The Imperial Presidency Helped Bring Us to the Brink of War in Iran
Trump is trying to drag us into war with Iran. We have to stop him — and the imperial presidency that so many Democrats continue to help expand.

US president Donald Trump speaks at the signing ceremony for S.1709, the National Defense Authorization Act for Fiscal Year 2020 on December 20, 2019 in Joint Base Andrews, Maryland. Tasos Katopodis / Getty
Yesterday’s assassination of Qassem Soleimani, an illegal and reckless escalation of the US-Iran tensions Trump has deliberately stoked throughout his term, is a bit like Trump’s victory in 2016: nothing that came before should make us the least bit surprised it happened, yet the outcome is so alarming that you can’t help but feel shaken.
As experts have already pointed out, Soleimani’s killing has the potential to spark something very dangerous.

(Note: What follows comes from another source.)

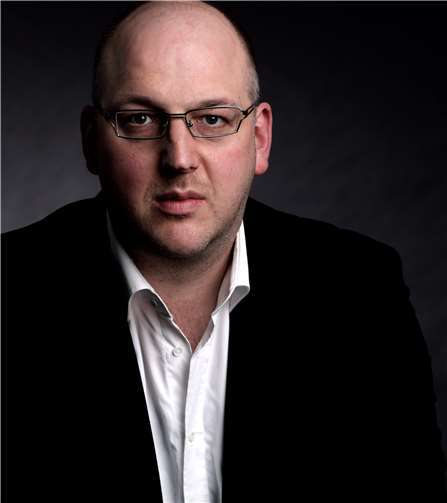 Der Dirigent Christopher Wasmuth.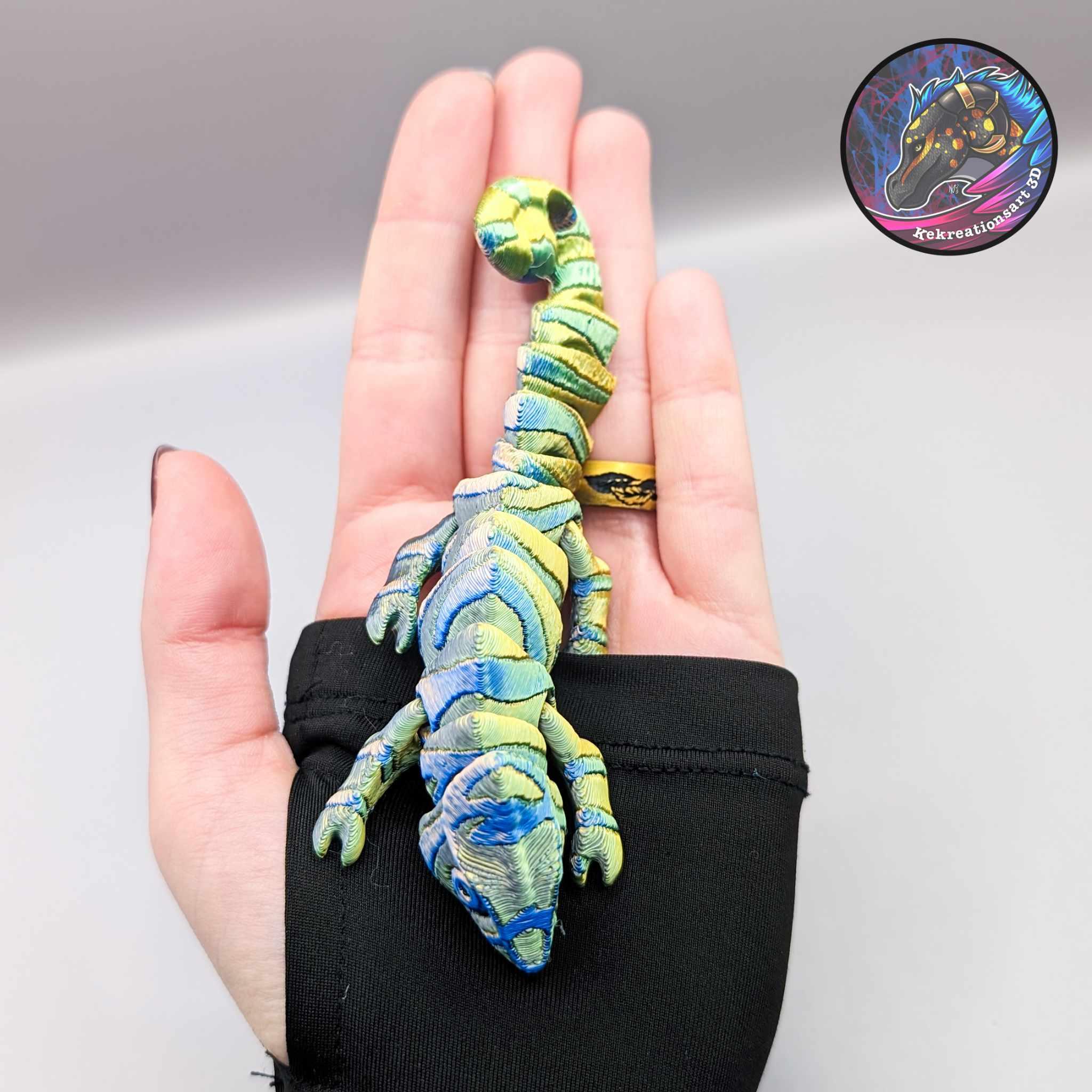 Baby Flexi Chameleon Keychain 3d model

Soleimani was one of the country’s most powerful military figures, the head of its elite Quds Force who essentially ran Iranian military and foreign policy in the region. A war hero labeled “a living martyr of the revolution” by Iran’s Supreme Leader, he was a hugely popular figure who was the subject of rhapsodizing state propaganda, and who had future political leadership possibly in his sights.
So there’s a high likelihood his death will prompt reprisals against, for example, the numerous US bases, embassies, and troops surrounding Iran, with many of the latter deployed in the middle of Trump’s attempts to incite a conflict with Iran in earnest last year. And those reprisals will prompt their own reprisal from Trump, and perhaps even serve as a pretext for the war the president’s been fumbling toward. The administration seems to have been trying all of last year to goad Iran into doing something, anything, that would justify a US attack on the country; this is their best chance yet. It’s not for nothing one expert called the idea of his assassination “a real act of war” in 2018.